By Stephen G. Esrati
As my lawyers marched to the Court of Queen’s Bench in Edmonton, Alberta, in May 1997 to charge Commonwealth Publications Inc. (CP) and its principals with contempt for not replying to questions during deposition in my lawsuit, the defendants filed a counter-suit accusing me of defamation and seeking $500,000.
That was the way Don Phelan, president of CP, operated. He attempted to keep word of his felonious conduct out of the press by constant recourse to Canada’s strict libel and defamation laws.
I would have welcomed him on the courthouse steps in Cleveland, where he would have been laughed out of court because the truth is an absolute defense against a libel suit in the United States. I had called Phelan a crook. Under a quirk of Canadian law, however, Phelan could sue in Canada because it was considered a counter-suit to my original suit against him.
Phelan kept bad publicity to a minimum. It was not until after Commonwealth went out of business in 1998 that the Canadian Broadcasting Corp. did a short piece on CP. Earlier, I had been approached by a producer at CBC in Toronto for a real exposé, but it was axed. Canada’s national newspaper, the Globe and Mail of Toronto, never uttered a word until CP was defunct. The Edmonton Journal and Edmonton Sun kept quiet until CP was on the ropes.
The Journal had all its CP stories written by a free-lance writer, Charles Mandel, who swept anything critical of CP under the rug as long as he could. Coverage was never assigned to the Journal’s own police reporters.

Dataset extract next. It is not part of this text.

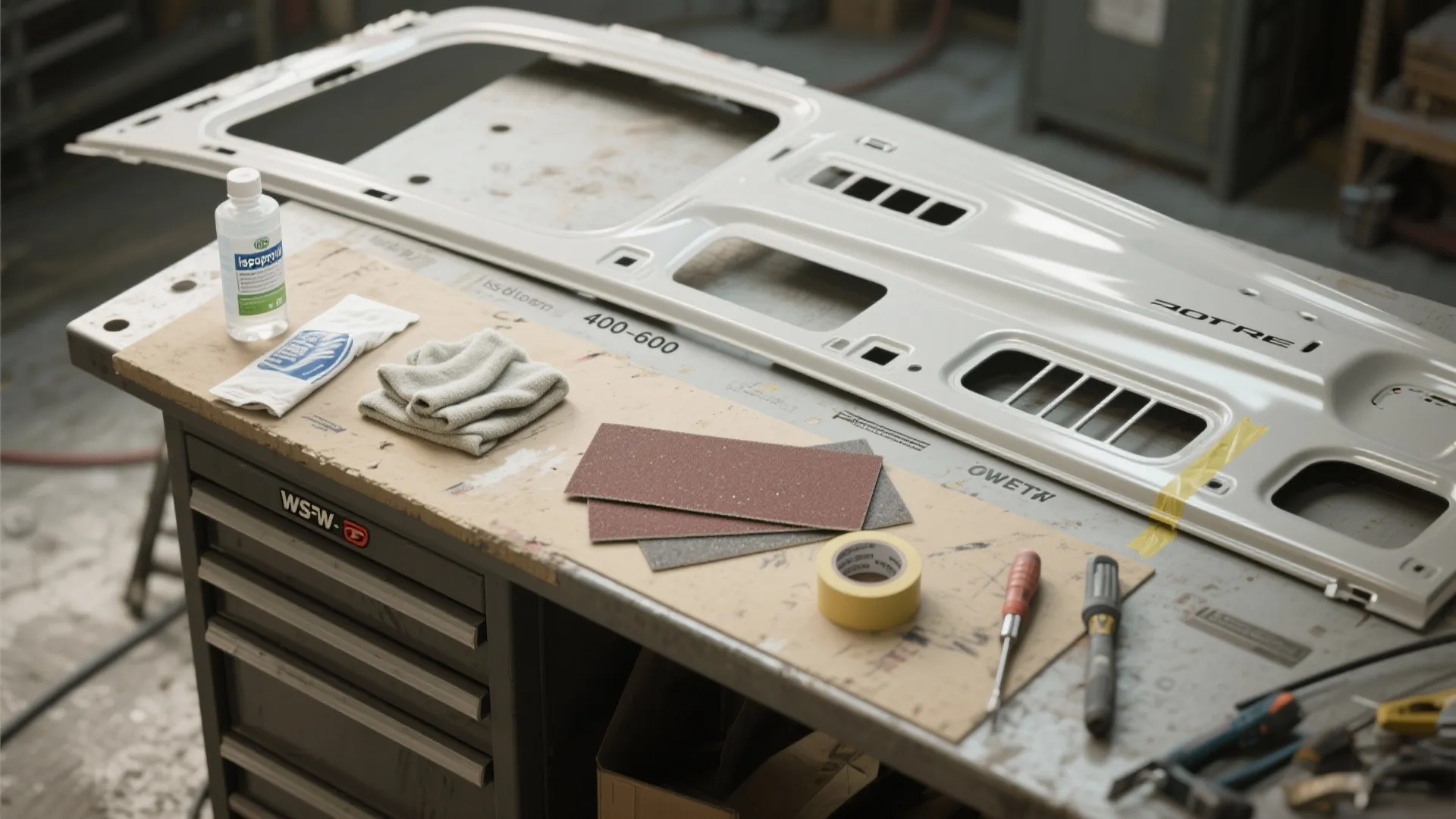 Car interior panel on a workbench with sandpaper cleaning liquid tape and small hand tools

I had sued in early 1996. My lawyers, to be honest, thought I was a kook who had imagined this vast fraud. A year later, after they deposed Gerry Gibeault, ostensibly the marketing director of CPI, their opinion changed. Gibeault said under oath that his job was not to sell books but to collect new authors who would pay Commonwealth to "publish" their books.

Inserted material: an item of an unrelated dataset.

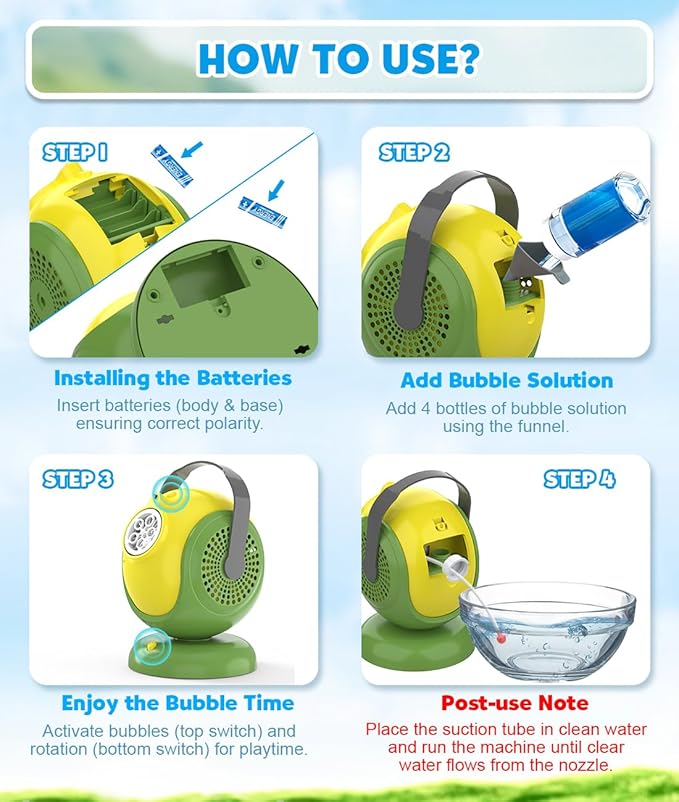 Bubble Machine, Automatic Bubbles Blower, 360° Rotation, 75° Adjustment, LED Light, with Handle - Bubble Toys for Kids, Toddlers - Gifts for Boys, Halloween, Outdoor, Birthday, Party Use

So here’s my story, from the beginning:
In the spring of 1994 I answered a small ad from Canadian Literary Associates (CLA) in the New York Times’ Book Review that sought authors who sought international representation. Since my novel contains Canadian material, I thought a Canadian agent would be perfect.
(Similar ads ran in Writer’s Digest and in the New York Review of Books. I was told by someone at the New York Review that the ads were never paid for.)
In short order I was sent literature informing me of the alleged experience CLA had in placing material with publishers all over the English-speaking world. That would have suited me fine, because my book dealt with war crimes against American and Canadian prisoners of war. I sent my manuscript and, after a couple of months, I was called by Donald J. Phelan, who said he was the principal of CLA and who accepted my novel. In August, Phelan left a message on my answering machine saying he was calling from Dublin and that he had just been informed that CLA had "sold" my book.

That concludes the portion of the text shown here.